Posted in Guest Bloggers, Recession Proof Musician | 2 Comments »


Top 10 Ways Musicians Can Get More Money From a Gig

by David Hooper

You are an artist, it’s true. But just because you’re an artist doesn’t mean you don’t need to get paid. Money makes a lot of things possible, including time in a recording studio, new and better instruments, and paying your rent so you don’t have to live in a cardboard box and burn your guitar for warmth. There’s nothing wrong with making money from your shows, and if you’re smart you’ll try to optimize that earning power. You don’t have to be a marketing genius or a public relations guru-just think outside the box and make the most of what you already have going for you.

1. Don’t be afraid to ask for what you’re worth.

Just because you want the gig doesn’t mean you have to beg for it. If you’ve got experience performing, and you regularly draw a crowd, your venue stands to benefit as much-if not more-than you do from the show. So don’t let them tell you that you’re not worth paying as much as a “bigger name”. It is also a good idea to go in and tell them exactly what you’re doing to generate a buzz about the show. If they can see that you’re working to get a crowd in, they’ll be a lot more willing to pay you a good rate.

2. Don’t run up a huge bar tab.

Take a lesson from the Blues Brothers. If you’re buying your own drinks at the show, it’s going to eat in to your bottom line. You don’t want to end up owing them money for playing a show. A couple beers to keep you loose isn’t a big deal, but when you start buying round after round of top shelf drinks you’re going to rack up quite a bill. Not to mention that it’s going to affect your performance. You might not think it’s a problem…but then, neither does Amy Winehouse. Stay on top of your game while you’re on stage. There’s plenty of time to party after the show.

3. Sell T-shirts, bumper stickers and CDs at the show.

A small investment in your own marketing merchandise can help generate income. Make sure whatever you’re selling is cool in design and functionality. You can’t go wrong with T-shirts, as long as they don’t look cheesy. Don’t try to sell them for $40 each. You’re not Pink Floyd (yet). The kids that are going to your show aren’t loaded, but they’ll gladly buy and wear your shirt around if it’s affordable and looks good. That’s free advertising. Stickers and other inexpensive items can also bring in some extra money. Remember, you’re not trying to get rich off this stuff-just clear a little profit and get your name out there.

4. The Tip Jar

It never hurts to set it out there. And even if you only get a few bucks, it’s a few bucks more than you had before. Make sure that you sincerely thank the audience for their tips before you close the show.

5. Generate a buzz to ensure a big crowd.

If you’re getting part of the cover, you want to do everything in your power to get people in the door. That means going out and hitting the streets for weeks before the show, printing flyers and cards, asking friends and family to spread the word, and using your contacts to get people to the show. Even if there’s no cover, the more people at your show, the more opportunity you have to sell your CD’s and T-shirts and get tips. Don’t leave it to chance-work hard to get people to the show and it’ll pay off in more ways than one.
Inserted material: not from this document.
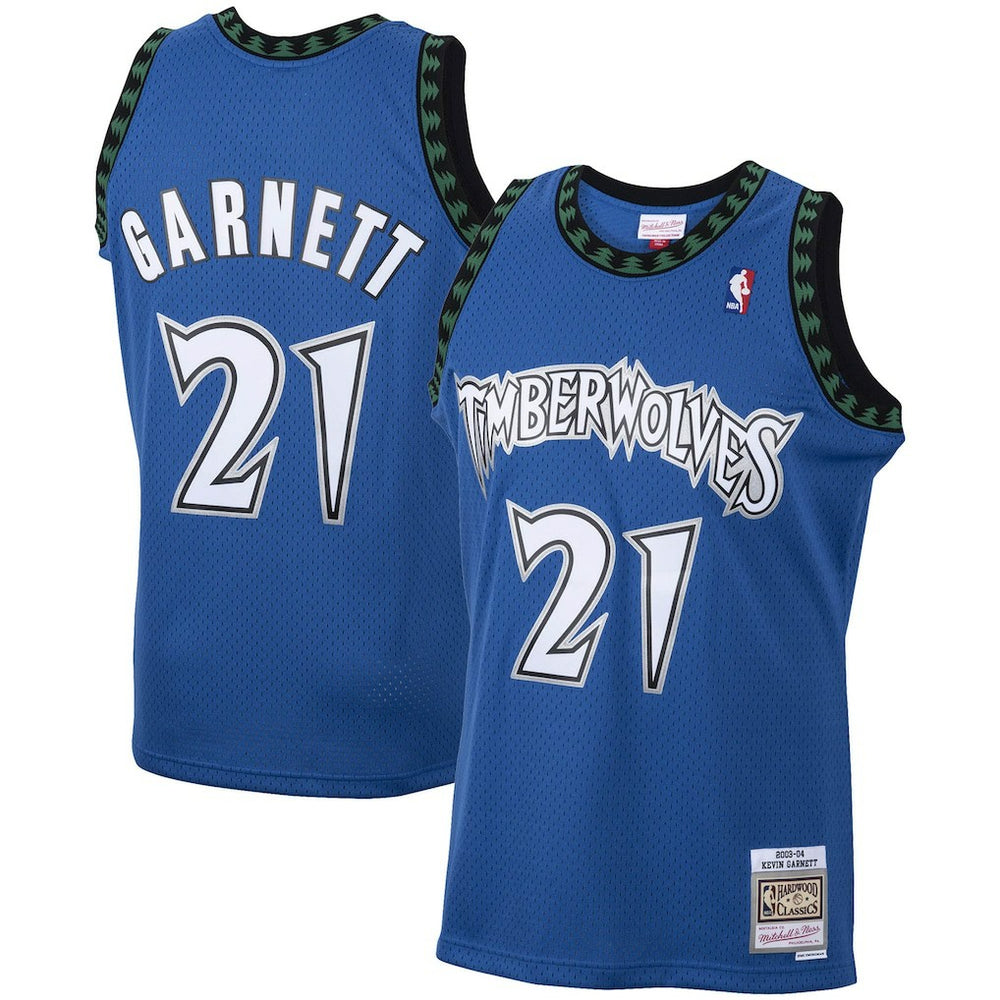Kevin Garnett Minnesota Timberwolves 2003/04 Hardwood Classics Swingman Jersey Blue - Mitchell & Ness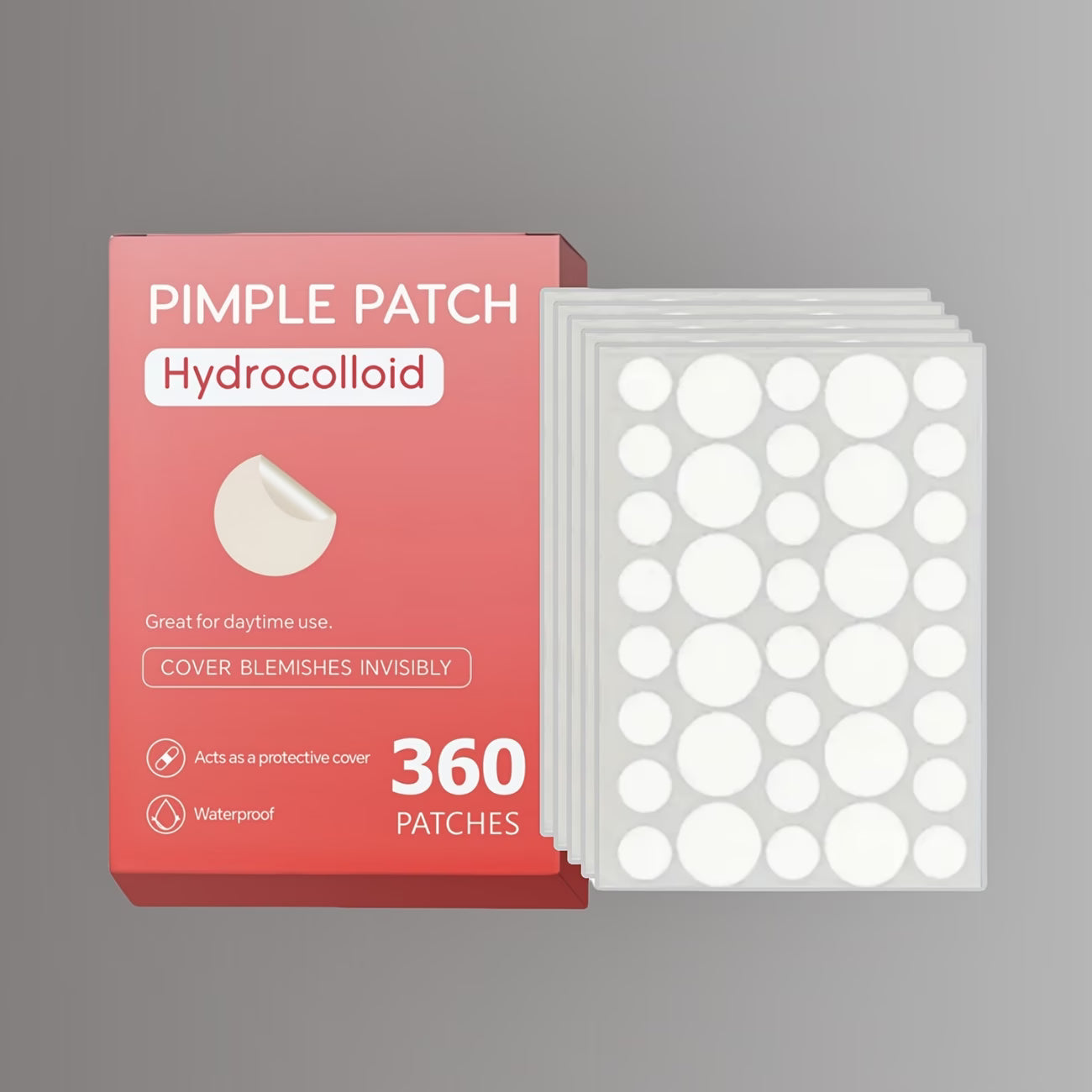 360pcs Hydrocolloid Pimple Patches for All Skin Types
6. Make sure your venue will attract people who will like your music.

If you’re an acoustic singer/songwriter, don’t try to play at a club that is known for head banging. It sounds simple enough, but there’s something to be said for playing up to the regulars that are used to going to the venue where you’re playing. Go to a few shows at the same venue beforehand and hang out. See who’s there and talk to some people about your upcoming show. People that are already at the venue are more likely to come back than people who’ve never been there before-even if they know who you are.

7. Look for different types of venues-not just the same old bar scene.

There are lots of places you can play to earn a few bucks. Big corporations often throw parties a couple times a year to celebrate holidays or sales performance. Schools have festivals and events. There are endless places where you can attract a crowd and sell your CD’s. Think outside the box!

8. Make sure you have a website and blog-and a mailing list to remind people where they can see you!

This is such an important piece of getting recognition and money. Make sure people know how to find you online. Every piece of advertising or marketing you do should have your website address on it. Keep your site updated regularly and post information about upcoming shows. When your shows are over be sure to immediately post pictures and videos. Respond to inquiries from fans, prospective venues, and press. You can also sell MP3’s of your songs or the entire CD on your website to generate income. There are literally endless possibilities, and with today’s web tools, it is easier and easier for anyone to create and manage their own website. Most importantly, once you’re on the web, people from all over the world can find you and hear your music. Think big, and make yourself available to an unlimited fan base.

9. Treat your booking professionally.

Make sure you keep track of phone numbers, dates, and venue contacts. This is going to ensure repeat bookings. Until you make it big and have yourself a real business manager, you’re going to have to keep things organized. Some people are naturally good at this, and some people, well…aren’t. Bare minimum, get a big calendar and scribble phone numbers and important dates and times on it to keep track. The more you treat your band like a business, the more money you’re going to make.

10. Stick around after the show and work the room.

Don’t just pack your stuff and high tail it out of the club when you’re done playing. Unless it’s closing time, spend a while chilling out with the crowd and talking to people. When you’ve finished your show, you’ve got a little bit of ‘star quality’ that comes from having been the center of attention for the duration of the show. When you take the time to walk around and thank people for coming, introduce yourself to people and tell them your CD is for sale, or hand them your card with your website on it, you are doing yourself an invaluable service. Try this for three shows in a row, and I guarantee you’re going to see huge results.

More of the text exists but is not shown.